Early Church Involvement
Snow's Baptist parents welcomed a variety of religious believers into their home. In 1828, Snow and her parents joined Alexander Campbell’s Christian restorationist movement, the Disciples of Christ. When Joseph Smith, Jr., the Latter Day Saint prophet, took up residence in Hiram, Ohio, four miles from the Snow farm in 1831, the Snow family took a strong interest in the new religious movement. Eliza's mother and sister joined the Latter Day Saint Church early on; several years later, in 1835, Eliza was baptized and moved to Kirtland, Ohio, which was at the time the headquarters of the Church. Upon her arrival, Eliza donated her inheritance, a large sum of money, toward the building of the Church's Kirtland Temple. In appreciation, the building committee provided her with the title to "a very valuable -situated near the Temple, with a fruit tree-an excellent spring of water, and house that accommodated two families." Here Eliza taught school for Joseph Smith's family and was influential in interesting her younger brother Lorenzo Snow in the young Church. Lorenzo later became fifth President of The Church of Jesus Christ of Latter-day Saints.

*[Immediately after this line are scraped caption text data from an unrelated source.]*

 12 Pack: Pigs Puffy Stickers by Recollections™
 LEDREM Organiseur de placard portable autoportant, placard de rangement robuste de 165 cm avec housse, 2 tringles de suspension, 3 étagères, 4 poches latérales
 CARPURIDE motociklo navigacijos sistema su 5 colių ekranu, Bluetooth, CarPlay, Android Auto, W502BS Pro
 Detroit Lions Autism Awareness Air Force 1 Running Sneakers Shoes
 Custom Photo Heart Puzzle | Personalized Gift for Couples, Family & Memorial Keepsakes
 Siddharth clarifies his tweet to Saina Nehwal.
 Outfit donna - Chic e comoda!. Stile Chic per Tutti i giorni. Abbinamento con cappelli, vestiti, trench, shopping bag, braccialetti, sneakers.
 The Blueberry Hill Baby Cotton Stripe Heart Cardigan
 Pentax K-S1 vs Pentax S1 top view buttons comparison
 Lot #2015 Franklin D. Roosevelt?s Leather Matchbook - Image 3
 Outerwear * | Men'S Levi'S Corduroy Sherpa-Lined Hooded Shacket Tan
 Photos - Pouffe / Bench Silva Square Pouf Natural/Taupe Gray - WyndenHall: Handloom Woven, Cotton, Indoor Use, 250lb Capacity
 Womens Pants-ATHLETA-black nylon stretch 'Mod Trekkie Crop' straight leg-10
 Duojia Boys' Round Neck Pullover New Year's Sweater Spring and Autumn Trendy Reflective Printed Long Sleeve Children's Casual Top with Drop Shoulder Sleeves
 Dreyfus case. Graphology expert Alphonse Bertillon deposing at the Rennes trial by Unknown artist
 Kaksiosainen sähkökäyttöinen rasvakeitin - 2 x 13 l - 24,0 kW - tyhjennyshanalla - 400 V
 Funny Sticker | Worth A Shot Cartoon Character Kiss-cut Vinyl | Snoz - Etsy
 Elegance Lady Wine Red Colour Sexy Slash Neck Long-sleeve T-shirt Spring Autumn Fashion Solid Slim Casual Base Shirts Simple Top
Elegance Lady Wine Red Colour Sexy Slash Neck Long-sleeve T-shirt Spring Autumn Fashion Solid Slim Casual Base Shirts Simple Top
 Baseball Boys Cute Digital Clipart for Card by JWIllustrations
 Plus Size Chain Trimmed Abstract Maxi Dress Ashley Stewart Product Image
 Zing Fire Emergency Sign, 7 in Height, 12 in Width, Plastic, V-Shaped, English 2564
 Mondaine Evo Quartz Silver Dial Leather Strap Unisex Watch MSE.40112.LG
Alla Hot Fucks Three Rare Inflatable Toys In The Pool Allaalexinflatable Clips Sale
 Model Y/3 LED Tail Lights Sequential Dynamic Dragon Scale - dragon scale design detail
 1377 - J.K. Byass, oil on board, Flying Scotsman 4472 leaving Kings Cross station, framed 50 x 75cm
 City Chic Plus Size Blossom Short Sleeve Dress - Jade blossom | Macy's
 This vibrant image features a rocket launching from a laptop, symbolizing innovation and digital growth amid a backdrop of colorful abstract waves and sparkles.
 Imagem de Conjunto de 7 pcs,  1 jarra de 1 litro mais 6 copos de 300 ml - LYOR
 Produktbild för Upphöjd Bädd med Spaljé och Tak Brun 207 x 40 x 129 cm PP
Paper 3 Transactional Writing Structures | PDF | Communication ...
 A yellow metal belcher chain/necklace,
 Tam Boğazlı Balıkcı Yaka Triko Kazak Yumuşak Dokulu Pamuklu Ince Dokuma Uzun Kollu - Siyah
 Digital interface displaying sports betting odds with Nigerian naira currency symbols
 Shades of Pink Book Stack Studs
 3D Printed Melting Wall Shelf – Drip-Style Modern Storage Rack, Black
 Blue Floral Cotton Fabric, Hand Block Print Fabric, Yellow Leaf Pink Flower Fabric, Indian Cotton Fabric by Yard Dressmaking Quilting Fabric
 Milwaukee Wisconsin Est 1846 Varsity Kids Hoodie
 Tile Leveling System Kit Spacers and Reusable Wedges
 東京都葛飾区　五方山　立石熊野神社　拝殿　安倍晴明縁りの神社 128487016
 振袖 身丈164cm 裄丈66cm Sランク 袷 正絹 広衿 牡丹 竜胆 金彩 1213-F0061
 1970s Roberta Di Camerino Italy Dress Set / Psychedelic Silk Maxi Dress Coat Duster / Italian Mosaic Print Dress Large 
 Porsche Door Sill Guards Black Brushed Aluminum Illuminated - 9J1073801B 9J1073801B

Snow moved west with her family and the body of the Church, first to Adam-ondi-Ahman, a short-lived LDS settlement in Missouri, and then to Nauvoo, Illinois. In Nauvoo, Snow again made her living as a school teacher. She claimed to have secretly wed Joseph Smith, on 29 June 1842, as a plural wife. Eliza wrote fondly of Joseph “my beloved husband, the choice of my heart and the crown of my life”. However, Snow organized a petition in that same Summer of 1842, with a thousand female signatures, denying Smith was connected with polygamy and extoling his "virtue". Furthermore, as Secretary of the Ladies' Relief Society she organized the publishing of a certificate in October 1842 denouncing polygamy and denying Smith as its creator or participant. When Snow was informed that Smith's widow Emma Hale Smith had stated on her deathbed that her husband had never been a polygamist, Snow was reported to have stated "Sister Emma ... sunk so low ... (and) died with a libel on her lips."
Snow married polygamist Brigham Young as a plural wife. She traveled west across the plains and arrived in the Salt Lake Valley on 2 October 1847. There, childless Eliza became a prominent member of Young's family, moving into an upper bedroom in Young's Salt Lake City residence, the Lion House.